Record extracts:
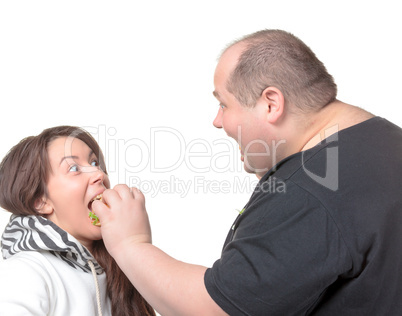 Fat Man Feeding a Girl a Burger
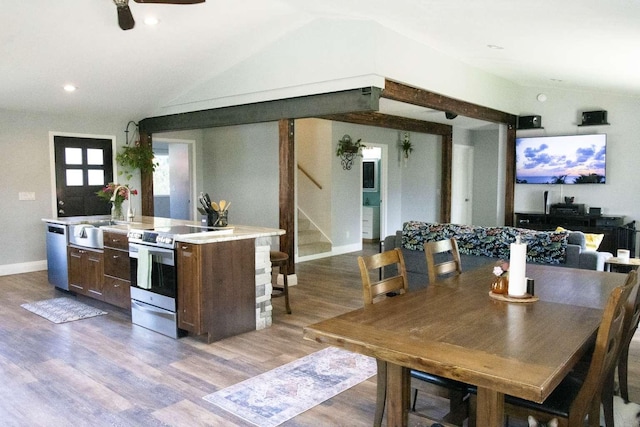 179 Fairmont Rd, Kalispell, MT 59901 - kitchen with appliances with stainless steel finishes, lofted ceiling, light countertops, wood finished floors, and a sink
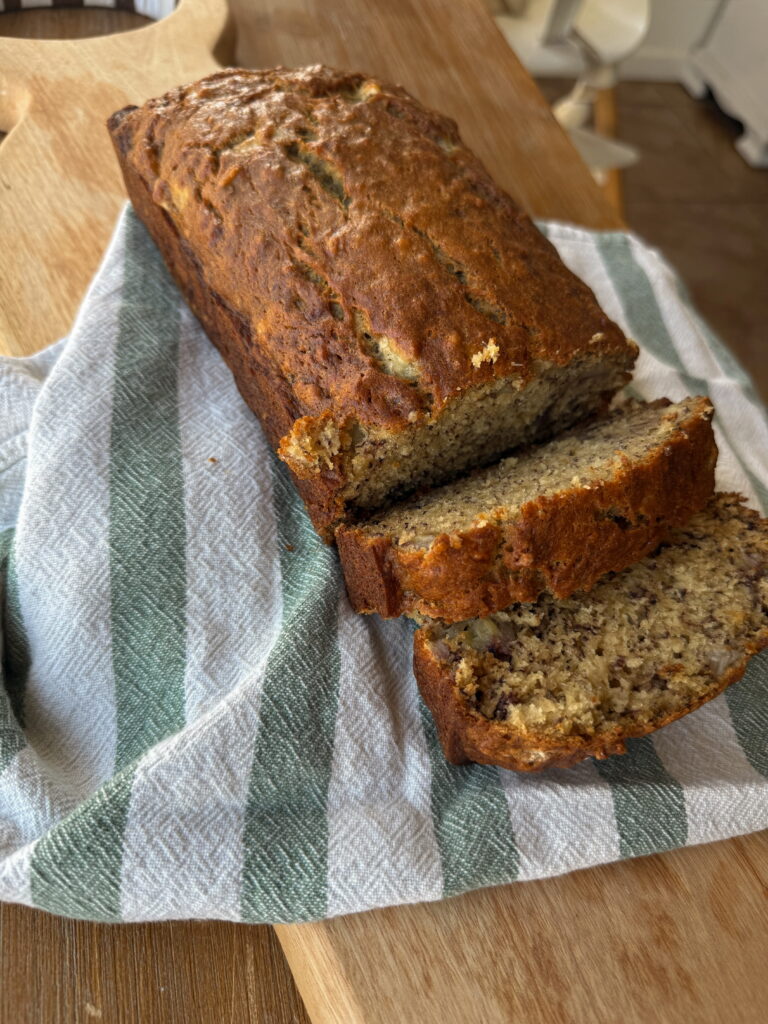 Sliced banana bread on striped towel
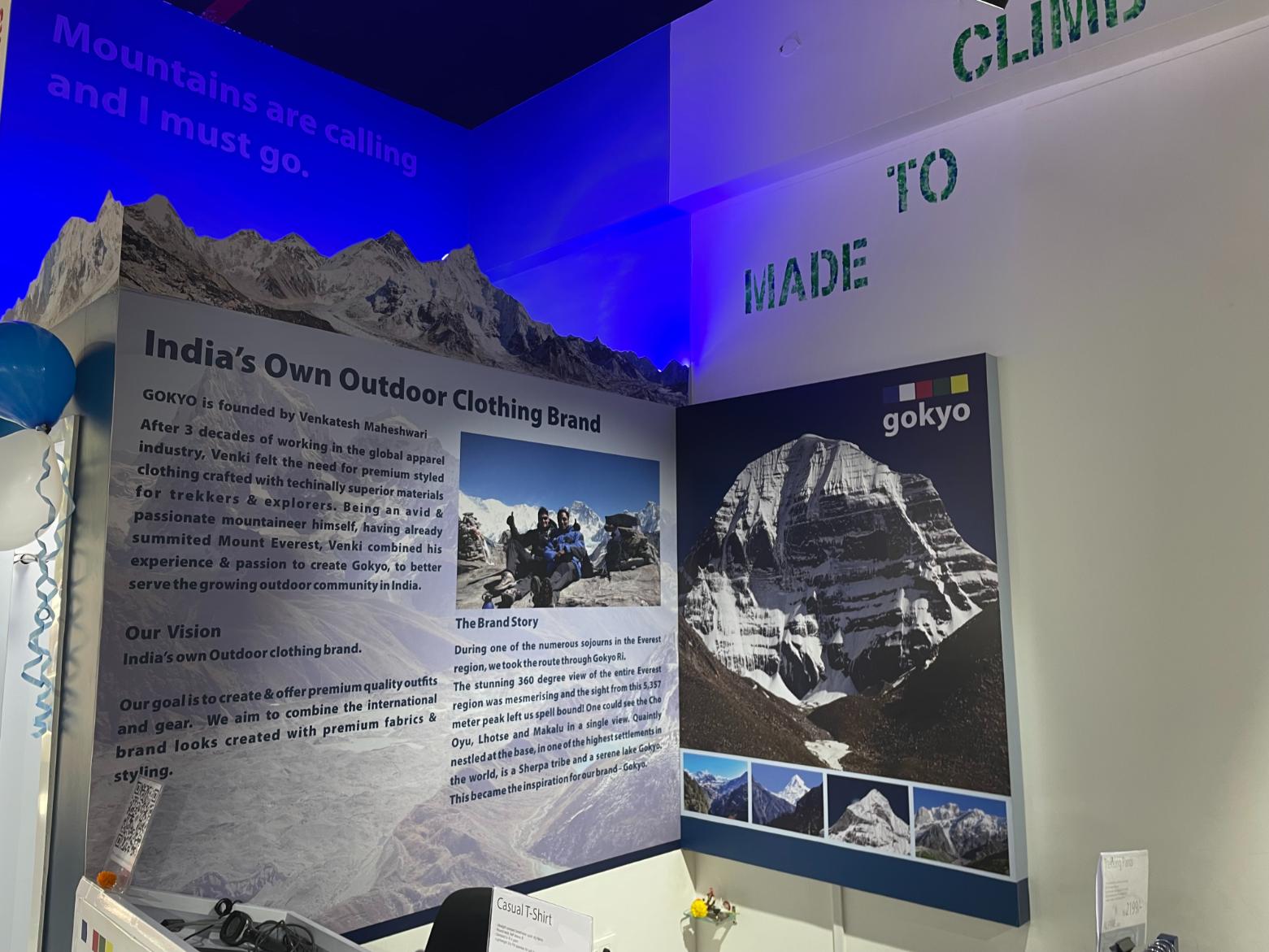 Poster at Gokyo Outdoor Clothing & Gear Malad store highlighting the brand’s history.
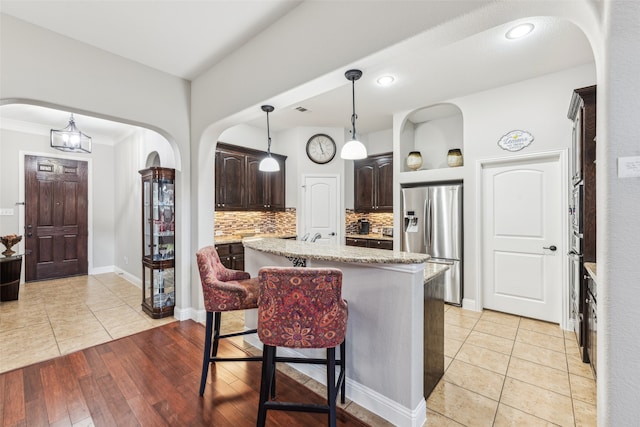 kitchen featuring a kitchen bar, a center island, arched walkways, dark brown cabinetry, and stainless steel fridge with ice dispenser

Exercise objective:
Would you reproduce the lines from the one with "179 Fairmont Rd, Kalispell, MT" through the final line of the data above, exactly and only those, without any pictures?

Answer for this exercise:
 179 Fairmont Rd, Kalispell, MT 59901 - kitchen with appliances with stainless steel finishes, lofted ceiling, light countertops, wood finished floors, and a sink
 Sliced banana bread on striped towel
 Poster at Gokyo Outdoor Clothing & Gear Malad store highlighting the brand’s history.
 kitchen featuring a kitchen bar, a center island, arched walkways, dark brown cabinetry, and stainless steel fridge with ice dispenser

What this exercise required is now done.